→ What the exercise asks:
Each line of the listing must be transcribed exactly, except for the images, which should be excluded.

→ Information supplied:
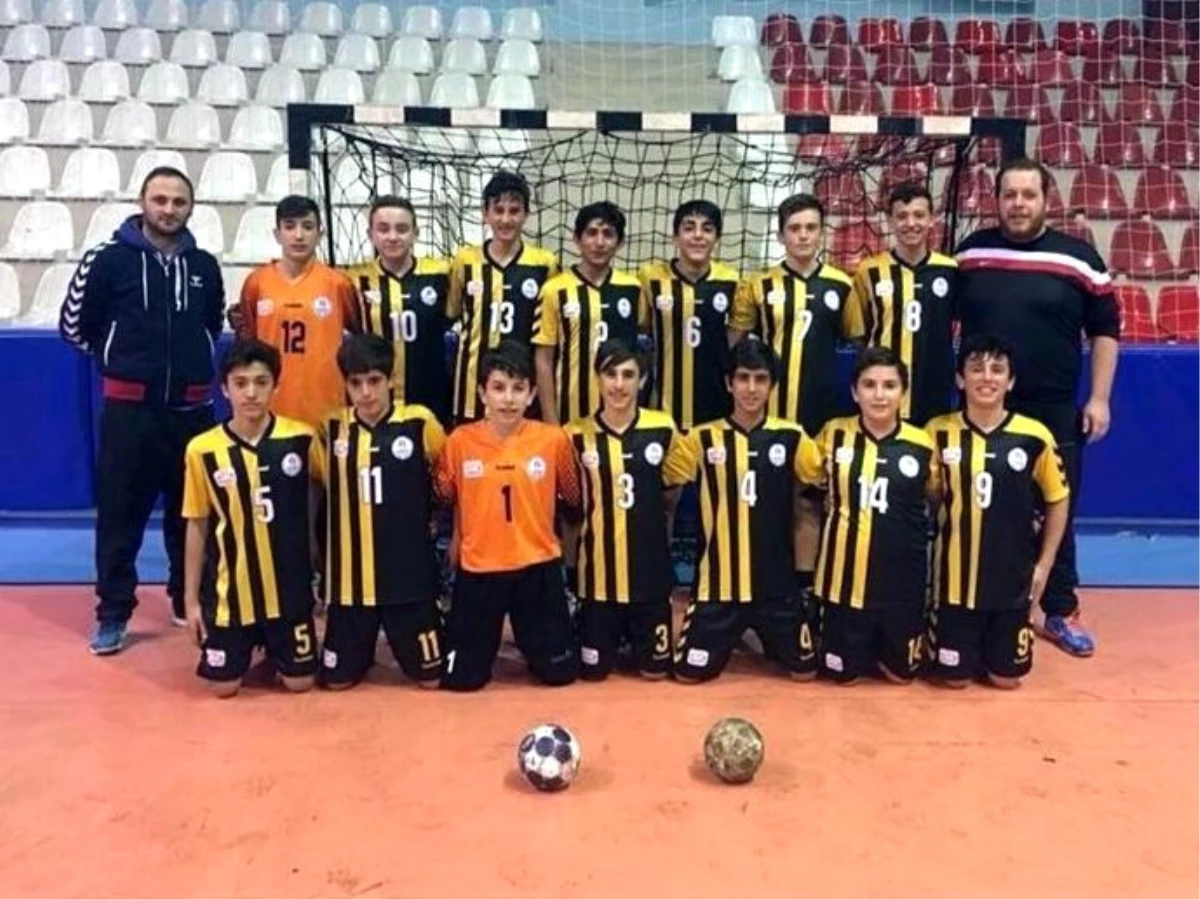 Tekirdağ Yıldız Erkekler Hentbol Takımı Yarı Finalde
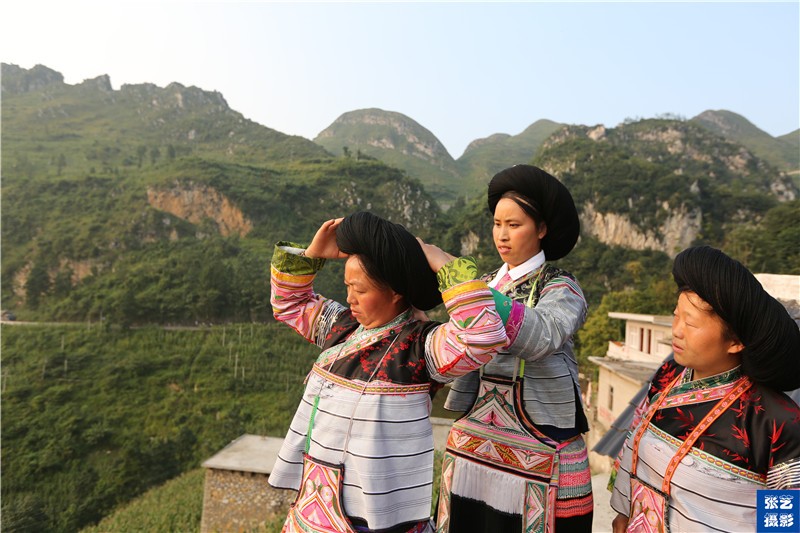 陡箐歪梳苗头顶一斤重绒毛线盘起的发饰展开有一米长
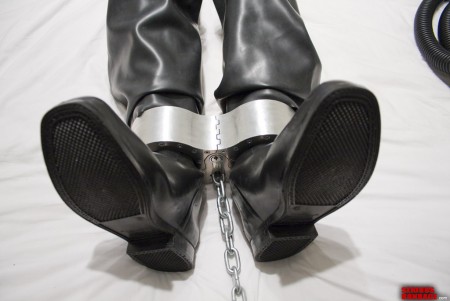 Alice In BondageLand - FemDom Fetish Movies - Latex Encasement Metal Bondage Gas Mask Alice In BondageLand - FemDom Fetish Movies - Latex Encasement Metal Bondage Gas Mask
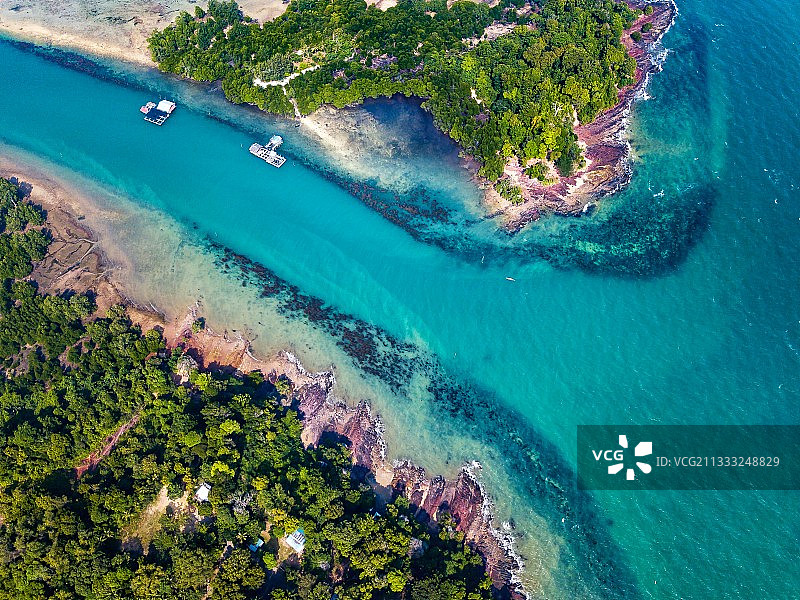 航拍热带海岛印尼巴淡岛图片素材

→ Task output:
 Tekirdağ Yıldız Erkekler Hentbol Takımı Yarı Finalde
 陡箐歪梳苗头顶一斤重绒毛线盘起的发饰展开有一米长
 Alice In BondageLand - FemDom Fetish Movies - Latex Encasement Metal Bondage Gas Mask Alice In BondageLand - FemDom Fetish Movies - Latex Encasement Metal Bondage Gas Mask
 航拍热带海岛印尼巴淡岛图片素材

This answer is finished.